O ministro não revelou como será feita a devolução do IVA — se será, por exemplo, através de um voucher ou de descontos (como no Reino Unido, em que o Governo ofereceu 50% de descontos em refeições em cafés e restaurantes).
Restauração, alojamento, transportes e cultura: Governo vai comparticipar os descontos feitos aos clientes
A medida foi anunciada pelo ministro da Economia e vigora a partir de 5 de outubro.
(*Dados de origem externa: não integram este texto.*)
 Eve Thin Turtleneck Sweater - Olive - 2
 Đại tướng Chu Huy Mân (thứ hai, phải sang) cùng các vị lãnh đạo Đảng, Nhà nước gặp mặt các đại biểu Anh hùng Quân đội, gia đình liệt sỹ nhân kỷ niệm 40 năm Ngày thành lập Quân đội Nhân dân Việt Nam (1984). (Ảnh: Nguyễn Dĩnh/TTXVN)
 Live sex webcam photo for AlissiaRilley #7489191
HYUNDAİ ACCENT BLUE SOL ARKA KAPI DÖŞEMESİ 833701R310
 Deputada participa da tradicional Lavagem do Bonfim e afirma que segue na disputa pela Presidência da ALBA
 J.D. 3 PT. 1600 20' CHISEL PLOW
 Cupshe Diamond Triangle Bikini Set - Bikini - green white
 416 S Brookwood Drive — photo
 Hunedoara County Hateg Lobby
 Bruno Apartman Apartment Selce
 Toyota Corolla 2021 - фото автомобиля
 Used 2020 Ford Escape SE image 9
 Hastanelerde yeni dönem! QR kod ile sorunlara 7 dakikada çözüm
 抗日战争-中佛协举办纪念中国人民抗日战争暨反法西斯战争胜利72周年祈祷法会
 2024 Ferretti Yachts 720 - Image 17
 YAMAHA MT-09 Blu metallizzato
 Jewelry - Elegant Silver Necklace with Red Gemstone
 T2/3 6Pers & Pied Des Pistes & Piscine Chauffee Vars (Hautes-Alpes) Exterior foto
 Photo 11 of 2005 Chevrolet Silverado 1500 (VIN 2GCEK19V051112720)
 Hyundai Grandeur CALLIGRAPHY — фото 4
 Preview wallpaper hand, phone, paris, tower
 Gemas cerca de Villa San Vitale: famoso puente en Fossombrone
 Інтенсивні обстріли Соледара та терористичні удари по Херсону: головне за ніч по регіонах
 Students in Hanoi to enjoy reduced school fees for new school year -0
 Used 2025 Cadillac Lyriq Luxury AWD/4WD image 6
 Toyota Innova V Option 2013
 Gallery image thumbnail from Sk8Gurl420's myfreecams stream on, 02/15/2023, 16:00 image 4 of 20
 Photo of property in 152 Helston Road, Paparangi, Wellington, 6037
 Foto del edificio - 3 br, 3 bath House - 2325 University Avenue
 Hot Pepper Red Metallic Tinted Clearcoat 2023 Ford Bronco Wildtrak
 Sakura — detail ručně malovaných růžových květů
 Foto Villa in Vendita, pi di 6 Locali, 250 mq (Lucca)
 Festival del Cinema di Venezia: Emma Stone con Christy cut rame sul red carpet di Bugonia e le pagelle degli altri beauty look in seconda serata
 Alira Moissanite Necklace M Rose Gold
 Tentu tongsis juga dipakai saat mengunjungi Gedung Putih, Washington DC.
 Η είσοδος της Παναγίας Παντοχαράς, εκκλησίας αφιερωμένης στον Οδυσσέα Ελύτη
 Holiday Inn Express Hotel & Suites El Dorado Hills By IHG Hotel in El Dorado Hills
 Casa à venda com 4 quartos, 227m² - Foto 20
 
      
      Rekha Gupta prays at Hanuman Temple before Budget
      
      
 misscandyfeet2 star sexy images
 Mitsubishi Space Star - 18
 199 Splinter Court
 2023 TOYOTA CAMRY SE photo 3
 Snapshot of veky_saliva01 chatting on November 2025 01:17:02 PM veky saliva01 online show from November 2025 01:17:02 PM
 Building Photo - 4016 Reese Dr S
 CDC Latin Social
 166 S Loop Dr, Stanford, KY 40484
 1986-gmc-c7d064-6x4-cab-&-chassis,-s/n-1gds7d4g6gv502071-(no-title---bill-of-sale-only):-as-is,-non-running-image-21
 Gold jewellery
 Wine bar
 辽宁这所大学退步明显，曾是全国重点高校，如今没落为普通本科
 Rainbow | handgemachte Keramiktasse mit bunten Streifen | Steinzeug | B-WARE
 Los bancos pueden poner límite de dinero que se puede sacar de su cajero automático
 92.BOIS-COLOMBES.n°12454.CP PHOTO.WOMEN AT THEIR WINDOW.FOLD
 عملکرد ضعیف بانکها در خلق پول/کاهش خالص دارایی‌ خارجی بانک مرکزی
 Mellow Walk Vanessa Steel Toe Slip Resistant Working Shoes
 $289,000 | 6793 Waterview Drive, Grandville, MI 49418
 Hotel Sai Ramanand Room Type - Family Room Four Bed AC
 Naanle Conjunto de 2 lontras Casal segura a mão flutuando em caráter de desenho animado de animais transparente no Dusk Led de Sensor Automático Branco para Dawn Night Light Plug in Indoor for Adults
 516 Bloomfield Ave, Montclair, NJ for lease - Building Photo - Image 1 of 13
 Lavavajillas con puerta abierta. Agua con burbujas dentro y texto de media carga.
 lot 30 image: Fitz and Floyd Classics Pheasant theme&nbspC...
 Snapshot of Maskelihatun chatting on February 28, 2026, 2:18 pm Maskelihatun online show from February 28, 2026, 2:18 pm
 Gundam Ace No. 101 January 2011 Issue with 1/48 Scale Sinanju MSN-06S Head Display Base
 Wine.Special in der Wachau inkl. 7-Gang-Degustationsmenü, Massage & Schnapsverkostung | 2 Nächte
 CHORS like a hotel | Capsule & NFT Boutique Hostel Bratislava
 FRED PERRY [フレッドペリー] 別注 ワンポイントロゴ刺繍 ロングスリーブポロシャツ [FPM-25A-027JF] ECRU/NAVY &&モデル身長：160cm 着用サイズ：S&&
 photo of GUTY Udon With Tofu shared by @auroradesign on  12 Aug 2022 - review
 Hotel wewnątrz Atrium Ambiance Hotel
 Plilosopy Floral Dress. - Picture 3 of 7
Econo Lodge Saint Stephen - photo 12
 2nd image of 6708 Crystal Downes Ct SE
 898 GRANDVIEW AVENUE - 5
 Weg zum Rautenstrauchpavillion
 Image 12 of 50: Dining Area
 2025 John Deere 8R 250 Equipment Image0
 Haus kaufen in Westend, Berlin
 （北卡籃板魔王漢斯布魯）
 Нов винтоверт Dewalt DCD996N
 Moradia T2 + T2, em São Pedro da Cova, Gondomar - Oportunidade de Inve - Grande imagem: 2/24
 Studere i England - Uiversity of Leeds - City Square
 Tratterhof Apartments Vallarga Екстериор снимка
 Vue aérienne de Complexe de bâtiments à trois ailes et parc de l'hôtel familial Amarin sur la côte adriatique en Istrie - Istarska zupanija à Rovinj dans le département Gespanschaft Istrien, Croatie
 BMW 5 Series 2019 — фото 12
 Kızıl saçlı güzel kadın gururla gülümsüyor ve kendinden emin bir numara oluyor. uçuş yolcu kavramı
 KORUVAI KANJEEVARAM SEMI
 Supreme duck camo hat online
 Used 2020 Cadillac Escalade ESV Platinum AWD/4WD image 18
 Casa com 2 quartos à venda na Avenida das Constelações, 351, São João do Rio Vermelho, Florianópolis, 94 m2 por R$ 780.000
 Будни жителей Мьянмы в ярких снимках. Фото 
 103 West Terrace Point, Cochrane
Trata-se de um “esquema de acordo” com os setores do alojamento, da restauração, animação turística, cultura e dos transportes que permitirá que os operadores económicos que oferecem descontos aos clientes – “em montantes que sejam tabelados” – possam beneficiar de “uma comparticipação pública do valor desse desconto”.
A medida “permitirá aos nossos concidadãos aceder de forma mais intensa a tudo aquilo que o setor tem para oferecer, com uma comparticipação pública, que permita reduzir o custo para o cidadão é uma forma de estimular a procura interna que precisamos de desenvolver”, salientou o ministro da tutela.
Governo cria apoio à organização de eventos e espetáculos
Pedro Siza Vieira anunciou ainda que será lançada uma linha de apoio ao setor da organização de eventos e espetáculos — que vai complementar a receita perdida devido à regra de lotação máxima de capacidade.
“Neste momento, a organização de um evento de espetáculo é algo que vê inibido o seu potencial de receita pela simples circunstância de as regras sanitárias nos impedirem de ter a lotação de uma sala ocupada”, começou por dizer Pedro Siza Vieira, ao anunciar a medida.
“Os custos de um evento podem não ser integralmente recuperados pela receita”, pelo que o programa vai permitir que “os produtores de eventos vejam complementada a receita que foram capazes de angariar nos eventos que promovem” para permitir “compor a receita” e “equilibrar as contas do eventos”.
Estas medidas “de dinamização da procura são importantes para os próximos meses, que serão de recuo da procura externa e de inibição do consumidor”.
“Sabemos que estes vão ser tempos difíceis, em que muitos empresários vão ter de fazer escolhas complexas, manter o potencial produtivo, preservar o mais possível o emprego, sermos capazes de aguentar estes meses até à próxima época ou não”, concluiu o ministro.